* **EXERCISE DETAILS**
Exactly the lines from the start of the data through the line containing "Hotel Mohan By" should be output, with both ends kept and nothing added.
:: RECORDS SUPPLIED ::
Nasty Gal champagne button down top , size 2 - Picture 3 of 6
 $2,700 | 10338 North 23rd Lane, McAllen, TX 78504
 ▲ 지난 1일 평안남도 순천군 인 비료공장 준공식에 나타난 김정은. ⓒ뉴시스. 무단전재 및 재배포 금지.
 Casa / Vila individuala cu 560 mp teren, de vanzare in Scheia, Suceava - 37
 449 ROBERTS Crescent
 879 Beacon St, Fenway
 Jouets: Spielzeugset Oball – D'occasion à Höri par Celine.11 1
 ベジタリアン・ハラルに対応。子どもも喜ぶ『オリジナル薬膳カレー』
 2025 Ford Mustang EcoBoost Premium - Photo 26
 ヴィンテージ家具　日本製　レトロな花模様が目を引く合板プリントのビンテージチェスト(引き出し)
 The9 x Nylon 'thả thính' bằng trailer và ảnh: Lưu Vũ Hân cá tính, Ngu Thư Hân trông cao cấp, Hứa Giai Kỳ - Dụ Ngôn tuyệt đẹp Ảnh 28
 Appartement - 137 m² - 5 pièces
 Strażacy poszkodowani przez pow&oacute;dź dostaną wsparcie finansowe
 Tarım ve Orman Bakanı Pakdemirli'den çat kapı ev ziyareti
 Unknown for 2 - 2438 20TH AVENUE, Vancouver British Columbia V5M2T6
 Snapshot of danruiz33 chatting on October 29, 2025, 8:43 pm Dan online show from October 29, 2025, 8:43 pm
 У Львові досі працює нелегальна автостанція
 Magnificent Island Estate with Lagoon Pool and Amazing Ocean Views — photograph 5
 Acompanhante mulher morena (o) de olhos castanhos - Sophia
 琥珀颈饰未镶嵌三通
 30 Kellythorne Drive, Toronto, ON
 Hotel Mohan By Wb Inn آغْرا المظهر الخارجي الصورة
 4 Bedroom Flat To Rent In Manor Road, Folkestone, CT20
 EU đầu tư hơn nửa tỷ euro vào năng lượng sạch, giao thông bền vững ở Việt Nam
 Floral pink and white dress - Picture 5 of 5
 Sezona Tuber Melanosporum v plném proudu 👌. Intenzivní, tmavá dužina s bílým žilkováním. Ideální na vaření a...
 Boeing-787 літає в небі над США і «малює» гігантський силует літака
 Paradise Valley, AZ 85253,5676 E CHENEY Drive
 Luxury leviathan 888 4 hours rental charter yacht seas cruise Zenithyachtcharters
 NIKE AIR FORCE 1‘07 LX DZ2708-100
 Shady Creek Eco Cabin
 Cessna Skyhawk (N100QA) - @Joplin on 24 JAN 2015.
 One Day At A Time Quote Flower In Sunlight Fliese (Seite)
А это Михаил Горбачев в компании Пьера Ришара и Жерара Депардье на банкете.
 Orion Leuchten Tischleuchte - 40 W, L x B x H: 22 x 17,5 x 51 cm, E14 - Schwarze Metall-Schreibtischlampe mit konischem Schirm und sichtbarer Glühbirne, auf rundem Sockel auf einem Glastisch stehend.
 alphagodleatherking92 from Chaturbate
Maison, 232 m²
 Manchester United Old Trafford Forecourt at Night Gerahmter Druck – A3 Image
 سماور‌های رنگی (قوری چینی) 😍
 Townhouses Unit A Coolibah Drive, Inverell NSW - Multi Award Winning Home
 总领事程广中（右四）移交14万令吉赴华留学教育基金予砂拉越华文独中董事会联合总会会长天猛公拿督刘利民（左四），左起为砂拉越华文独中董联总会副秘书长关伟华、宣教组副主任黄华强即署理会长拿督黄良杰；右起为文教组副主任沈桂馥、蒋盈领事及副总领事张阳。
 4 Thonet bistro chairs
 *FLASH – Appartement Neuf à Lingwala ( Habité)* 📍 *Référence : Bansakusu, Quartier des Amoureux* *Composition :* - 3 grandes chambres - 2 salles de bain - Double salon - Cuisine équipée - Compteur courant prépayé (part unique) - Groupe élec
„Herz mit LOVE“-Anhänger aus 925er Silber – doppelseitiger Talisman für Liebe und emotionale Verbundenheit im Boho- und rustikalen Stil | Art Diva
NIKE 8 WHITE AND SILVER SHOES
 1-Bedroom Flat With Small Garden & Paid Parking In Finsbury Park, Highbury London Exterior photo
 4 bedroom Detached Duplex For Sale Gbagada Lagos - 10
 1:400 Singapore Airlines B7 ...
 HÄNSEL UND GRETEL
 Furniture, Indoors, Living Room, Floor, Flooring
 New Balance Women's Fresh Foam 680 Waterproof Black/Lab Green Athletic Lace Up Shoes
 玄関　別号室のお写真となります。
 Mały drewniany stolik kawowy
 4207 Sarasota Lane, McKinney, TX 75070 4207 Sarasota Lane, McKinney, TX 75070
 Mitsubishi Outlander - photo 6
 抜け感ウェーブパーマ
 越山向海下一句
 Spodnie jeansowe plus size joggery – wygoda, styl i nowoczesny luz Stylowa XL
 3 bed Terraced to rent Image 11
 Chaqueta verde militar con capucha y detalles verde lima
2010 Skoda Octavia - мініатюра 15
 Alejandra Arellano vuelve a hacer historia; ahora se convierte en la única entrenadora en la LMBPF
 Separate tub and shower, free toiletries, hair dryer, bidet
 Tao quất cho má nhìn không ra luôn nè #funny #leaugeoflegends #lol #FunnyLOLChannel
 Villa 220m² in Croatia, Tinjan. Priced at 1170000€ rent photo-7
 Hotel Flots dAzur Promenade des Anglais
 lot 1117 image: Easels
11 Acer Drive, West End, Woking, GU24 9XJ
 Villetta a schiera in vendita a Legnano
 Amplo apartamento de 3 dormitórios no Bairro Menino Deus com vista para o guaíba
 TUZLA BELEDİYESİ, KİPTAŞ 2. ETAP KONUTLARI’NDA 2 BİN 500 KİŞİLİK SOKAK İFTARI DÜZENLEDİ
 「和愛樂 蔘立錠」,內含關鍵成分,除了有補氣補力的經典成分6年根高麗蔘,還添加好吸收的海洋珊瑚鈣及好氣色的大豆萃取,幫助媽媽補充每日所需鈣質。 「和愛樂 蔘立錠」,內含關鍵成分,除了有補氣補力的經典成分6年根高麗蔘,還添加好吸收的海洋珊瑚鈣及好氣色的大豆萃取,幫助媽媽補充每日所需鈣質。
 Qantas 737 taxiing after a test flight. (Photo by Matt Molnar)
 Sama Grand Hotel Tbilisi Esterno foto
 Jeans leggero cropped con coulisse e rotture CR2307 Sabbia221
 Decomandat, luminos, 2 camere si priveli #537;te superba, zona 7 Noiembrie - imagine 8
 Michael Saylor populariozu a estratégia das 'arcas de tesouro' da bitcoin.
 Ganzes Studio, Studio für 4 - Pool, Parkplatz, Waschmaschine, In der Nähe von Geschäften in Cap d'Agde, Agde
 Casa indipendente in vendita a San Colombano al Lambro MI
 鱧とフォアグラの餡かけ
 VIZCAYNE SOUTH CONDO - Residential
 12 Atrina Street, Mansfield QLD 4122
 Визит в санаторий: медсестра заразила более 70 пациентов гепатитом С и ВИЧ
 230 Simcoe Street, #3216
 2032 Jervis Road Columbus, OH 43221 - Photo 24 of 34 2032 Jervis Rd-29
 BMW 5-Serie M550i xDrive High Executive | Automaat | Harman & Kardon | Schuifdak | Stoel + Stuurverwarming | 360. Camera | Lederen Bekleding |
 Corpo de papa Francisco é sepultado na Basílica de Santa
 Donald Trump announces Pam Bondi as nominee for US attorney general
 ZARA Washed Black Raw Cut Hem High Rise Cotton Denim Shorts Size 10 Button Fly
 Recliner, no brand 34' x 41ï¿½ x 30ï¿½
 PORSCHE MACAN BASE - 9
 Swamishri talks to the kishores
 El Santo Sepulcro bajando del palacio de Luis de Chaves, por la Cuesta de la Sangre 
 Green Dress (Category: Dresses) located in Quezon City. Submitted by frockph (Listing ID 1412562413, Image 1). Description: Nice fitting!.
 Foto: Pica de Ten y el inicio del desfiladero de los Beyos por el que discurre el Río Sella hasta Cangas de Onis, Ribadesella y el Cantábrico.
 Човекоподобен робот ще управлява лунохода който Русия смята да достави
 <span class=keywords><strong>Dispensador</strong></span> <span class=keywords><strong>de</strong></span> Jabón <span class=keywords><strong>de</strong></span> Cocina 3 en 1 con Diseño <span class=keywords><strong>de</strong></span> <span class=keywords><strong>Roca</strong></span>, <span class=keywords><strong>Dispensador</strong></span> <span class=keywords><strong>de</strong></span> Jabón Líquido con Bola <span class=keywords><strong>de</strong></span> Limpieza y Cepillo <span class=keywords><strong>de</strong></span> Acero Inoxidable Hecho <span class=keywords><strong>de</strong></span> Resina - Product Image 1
:::
* **THE COMPLETED TASK**
Nasty Gal champagne button down top , size 2 - Picture 3 of 6
 $2,700 | 10338 North 23rd Lane, McAllen, TX 78504
 ▲ 지난 1일 평안남도 순천군 인 비료공장 준공식에 나타난 김정은. ⓒ뉴시스. 무단전재 및 재배포 금지.
 Casa / Vila individuala cu 560 mp teren, de vanzare in Scheia, Suceava - 37
 449 ROBERTS Crescent
 879 Beacon St, Fenway
 Jouets: Spielzeugset Oball – D'occasion à Höri par Celine.11 1
 ベジタリアン・ハラルに対応。子どもも喜ぶ『オリジナル薬膳カレー』
 2025 Ford Mustang EcoBoost Premium - Photo 26
 ヴィンテージ家具　日本製　レトロな花模様が目を引く合板プリントのビンテージチェスト(引き出し)
 The9 x Nylon 'thả thính' bằng trailer và ảnh: Lưu Vũ Hân cá tính, Ngu Thư Hân trông cao cấp, Hứa Giai Kỳ - Dụ Ngôn tuyệt đẹp Ảnh 28
 Appartement - 137 m² - 5 pièces
 Strażacy poszkodowani przez pow&oacute;dź dostaną wsparcie finansowe
 Tarım ve Orman Bakanı Pakdemirli'den çat kapı ev ziyareti
 Unknown for 2 - 2438 20TH AVENUE, Vancouver British Columbia V5M2T6
 Snapshot of danruiz33 chatting on October 29, 2025, 8:43 pm Dan online show from October 29, 2025, 8:43 pm
 У Львові досі працює нелегальна автостанція
 Magnificent Island Estate with Lagoon Pool and Amazing Ocean Views — photograph 5
 Acompanhante mulher morena (o) de olhos castanhos - Sophia
 琥珀颈饰未镶嵌三通
 30 Kellythorne Drive, Toronto, ON
 Hotel Mohan By Wb Inn آغْرا المظهر الخارجي الصورة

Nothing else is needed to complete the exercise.